WORK TO COMPLETE: Repeat exactly the line that contains "Ale Waterproof Spirale" and every line after it, down to the last line of the entries below. Do not include pictures.

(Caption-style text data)

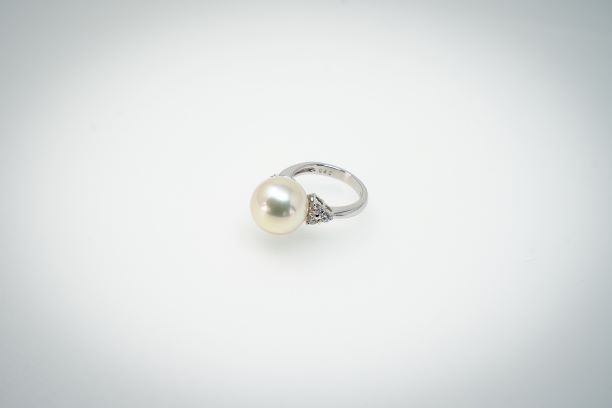 Akoya Pearl Ring (R7)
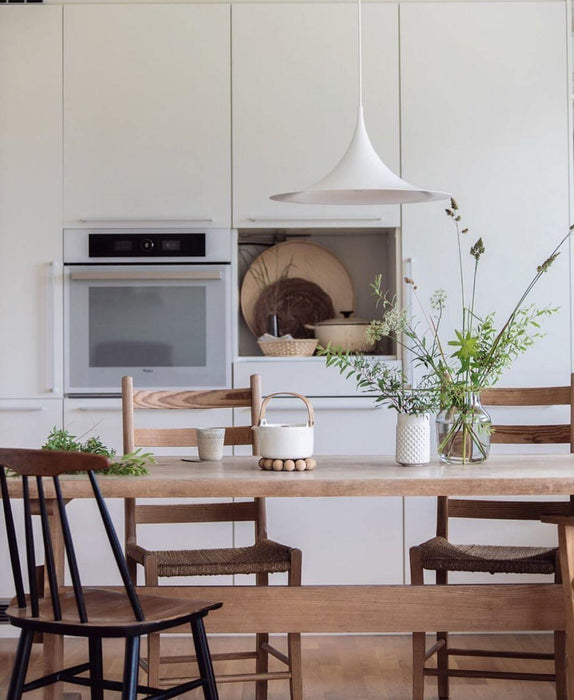 Semi Pendant Light - Simprolos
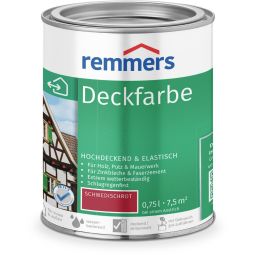 Remmers Deckverf zweeds rood 4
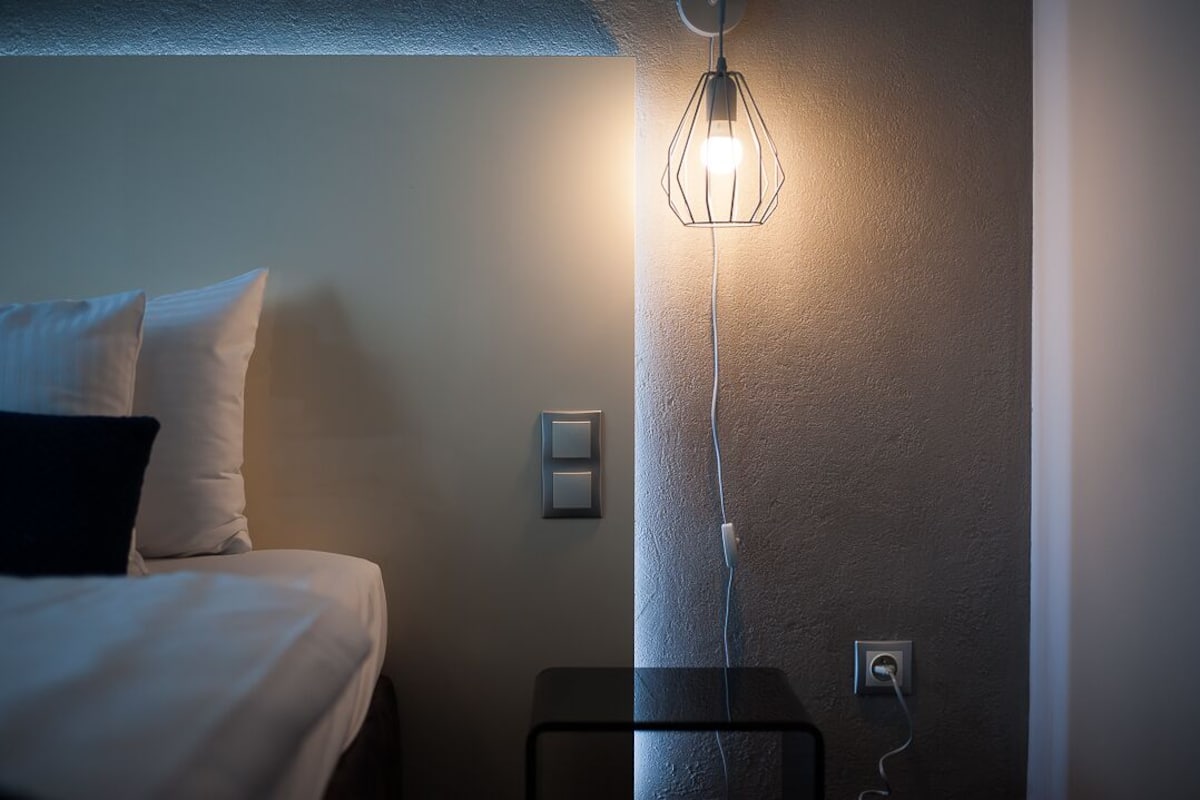 deluxe double or twin room | 1 bedroom, in-room safe, desk, iron/ironing board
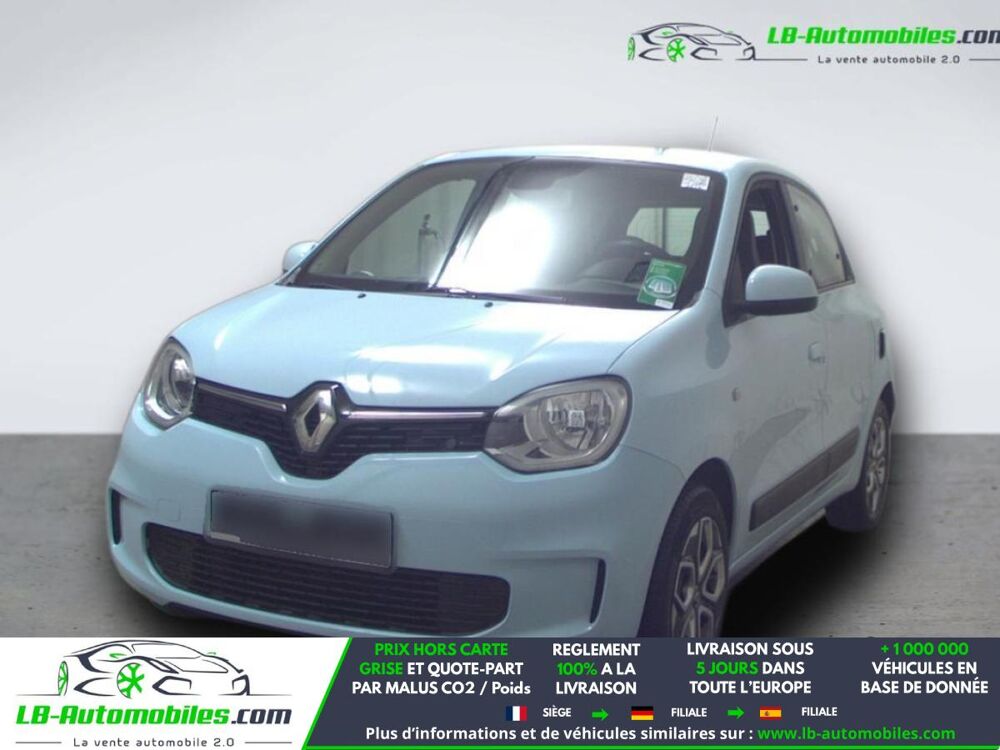 Twingo SCe 75 BVM 2020 occasion 31850 Beaupuy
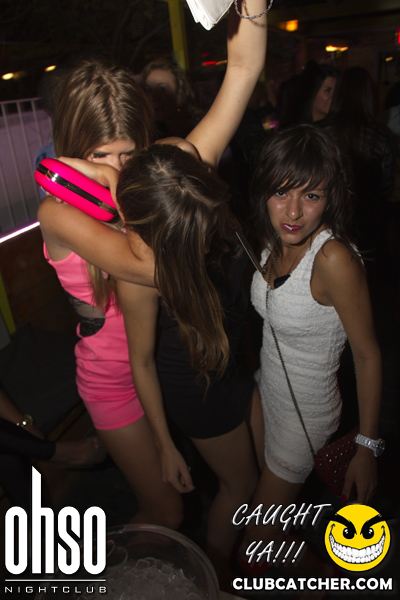 Ohso nightclub photo 256 - August 17th, 2012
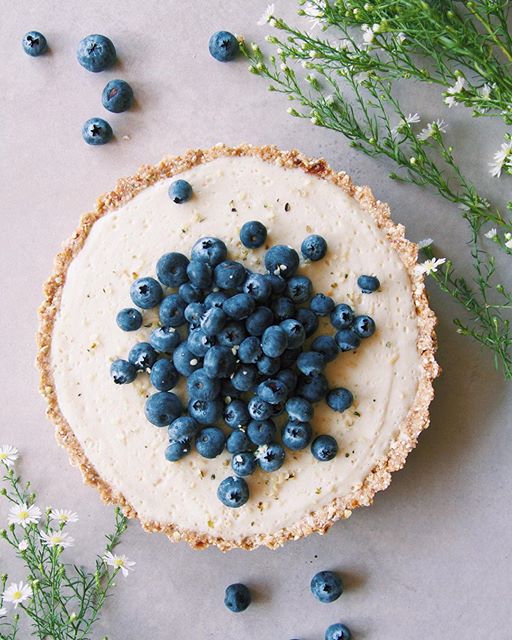 Vanilla Lime Cheesecake With Silken Tofu by lifeofgoodness_ Quick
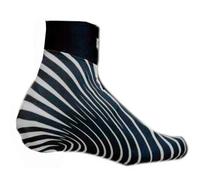 Ale Waterproof Spirale Overshoes Bianco,Nero S Uomo,Donna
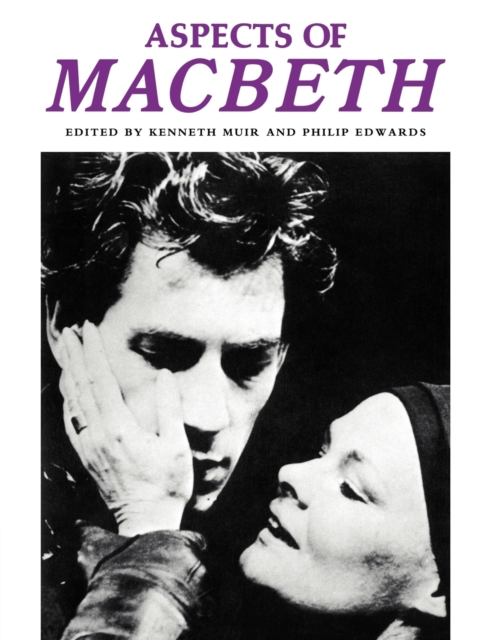 Aspects of Macbeth, Paperback / softback Book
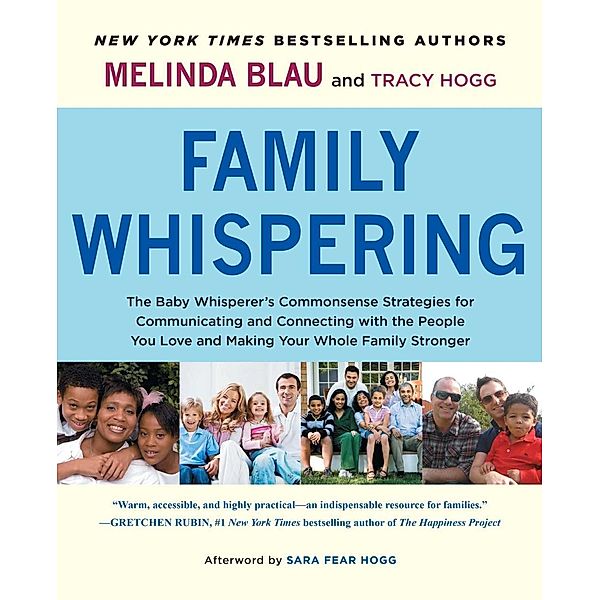 Family Whispering, Melinda Blau, Tracy Hogg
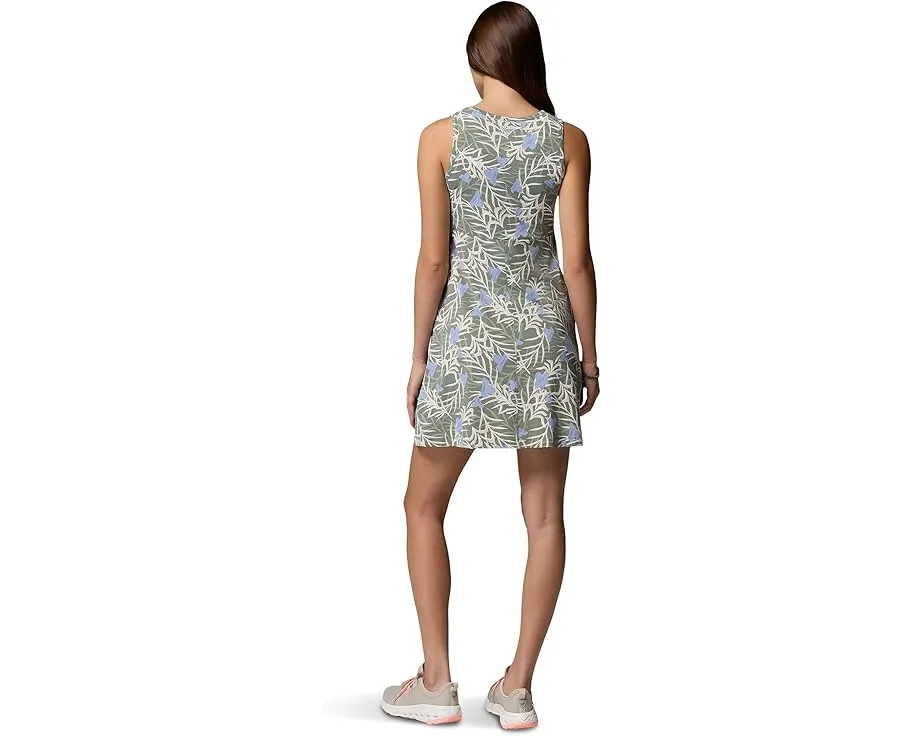 Платье-майка Columbia Freezer Tank Dress с охлаждающей технологией Omni-Freeze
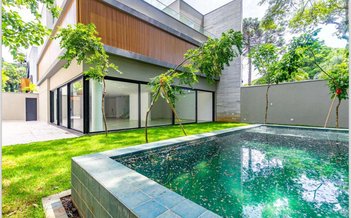 house em Rua Pirandello, Brooklin Paulista - São Paulo - SP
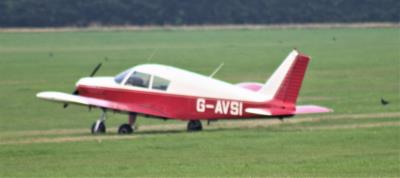 Photo of aircraft G-AVSI operated by G-AVSI Flying Group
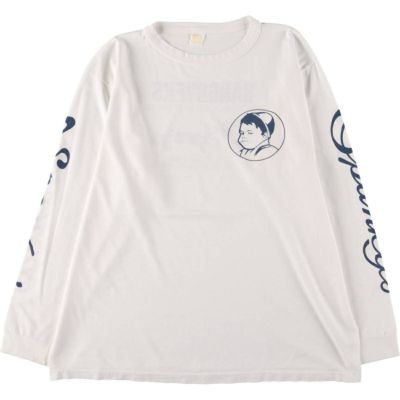 古着 90年代 パタゴニア Patagonia Beneficial T's バック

ANSWER:
 Ale Waterproof Spirale Overshoes Bianco,Nero S Uomo,Donna
 Aspects of Macbeth, Paperback / softback Book
 Family Whispering, Melinda Blau, Tracy Hogg
 Платье-майка Columbia Freezer Tank Dress с охлаждающей технологией Omni-Freeze
 house em Rua Pirandello, Brooklin Paulista - São Paulo - SP
 Photo of aircraft G-AVSI operated by G-AVSI Flying Group
 古着 90年代 パタゴニア Patagonia Beneficial T's バック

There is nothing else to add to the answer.